La elección de 2024 no se presentó como una contienda de proyectos, sino como un plebiscito sobre la impunidad. Lo que Claudia Sheinbaum defiende no es una visión de futuro para México, sino la libertad de López Obrador, su familia, amigos y aliados. Recordemos que, para llegar al poder, AMLO forjó alianzas con lo peor de la clase política anterior (del PRI y el PAN), así como con grupos de poder fáctico, incluyendo, a figuras del crimen organizado en algunas regiones. La colusión del gobierno con el crimen organizado explica el porqué de los “abrazos sin balazos” de AMLO y la falta de resultados contundentes con Sheinbaum.

El objetivo de esta coalición heterogénea siempre fue el botín: el reparto de los dineros públicos. Sheinbaum, como producto puro de este sistema y principal beneficiaria del capital político de AMLO, no puede sino garantizar que este esquema continúe. Su promesa de continuidad es, en esencia, la promesa de que no habrá rendición de cuentas sobre los actos ni de la administración pasada ni de la actual, que los negocios al amparo del poder seguirán fluyendo y que la red de intereses creados alrededor de Morena se mantendrá intacta. Lo mismo aplica para los gobernadores morenistas, muchos de ellos envueltos en escándalos de corrupción y opacidad. Defender la “4T” es defender la impunidad de la nueva clase en el poder.

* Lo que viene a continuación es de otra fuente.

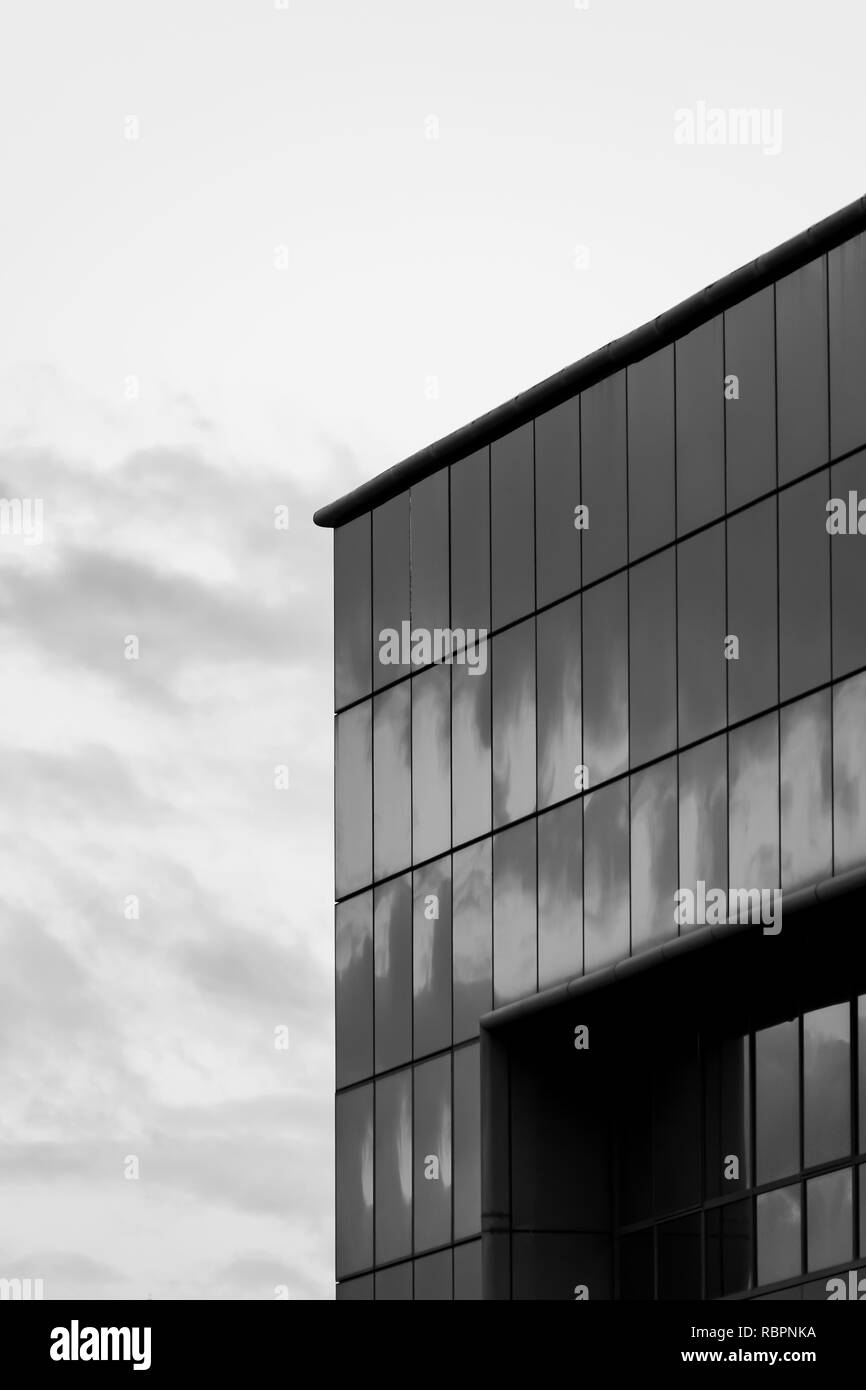 Modernes Gebäude mit vorgehängten Glasfassade mit bewölktem Himmel Reflexionen und Hintergrund, Schwarz und Weiß Stockfoto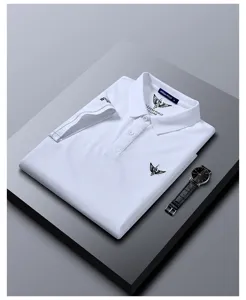 Detail view of a classic white men's short-sleeve polo shirt with lapel and neat chest logo.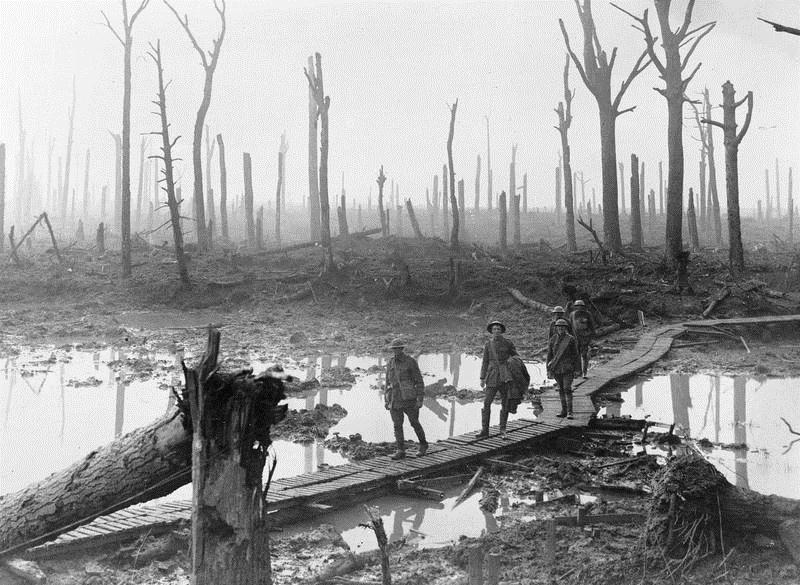 e-aus-1220-australian-troops-walk-along-duckboards-through-the-remains-of-chateau-wood-third-battle-of-ypres-pas.jpg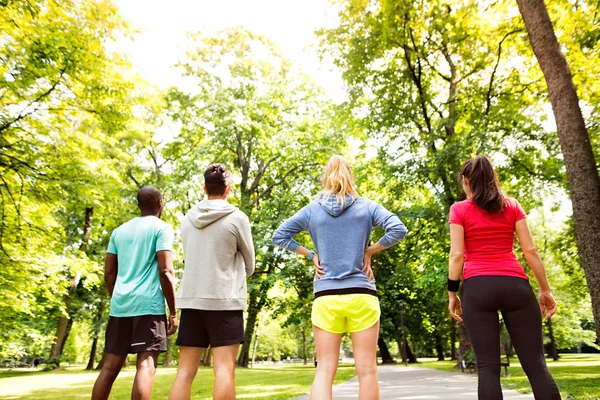 Grupo de jóvenes atletas preparados para correr en verde parque soleado . — Foto de Stock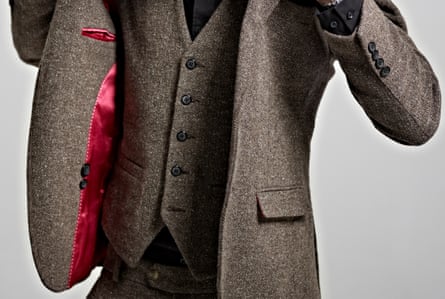 Portrait of young man in suit putting on jacket.Portrait of smartly dressed long-haired young man in brown three piece tweed suit putting his jacket on.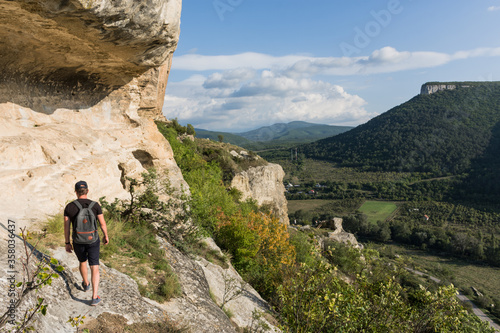 A young man walks along the edge of the mountain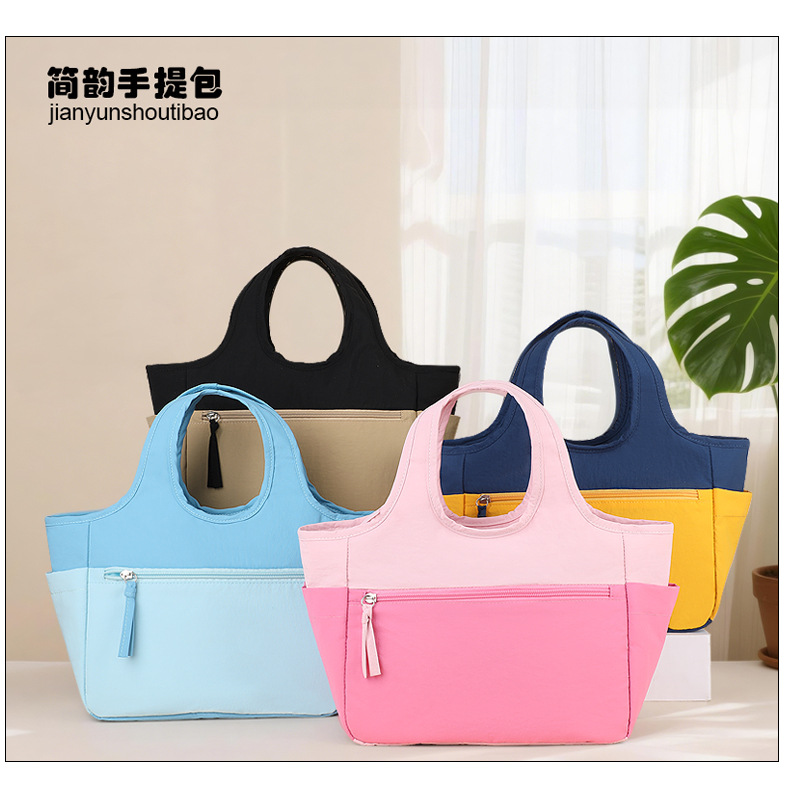 New color-blocked handbags, fashionable tote bags, large-capacity small bags for going out, storage bags, hand-carry bags, student travel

La narrativa oficial de la Cuarta Transformación se revela como una fachada que oculta una realidad mucho más cruda. Lejos de ser una revolución moral, el proyecto de AMLO y Morena se ha reducido a una maquinaria de poder cuyo fin último es su propia perpetuación. La falta de un proyecto de nación viable se compensa con la polarización y la creación de chivos expiatorios. El estancamiento económico y la inseguridad se gestionan con un asistencialismo que genera dependencia y con una retórica de confrontación. Mientras tanto, una nueva aristocracia política surge, disfrutando de privilegios financiados por los recursos públicos o por los negocios ilícitos que el poder permite. Lo que está en juego en el futuro inmediato no es la continuidad de una transformación, sino la consolidación de un nuevo régimen de poder que, pese a su discurso de cambio, reproduce e incluso multiplica los vicios que decía combatir.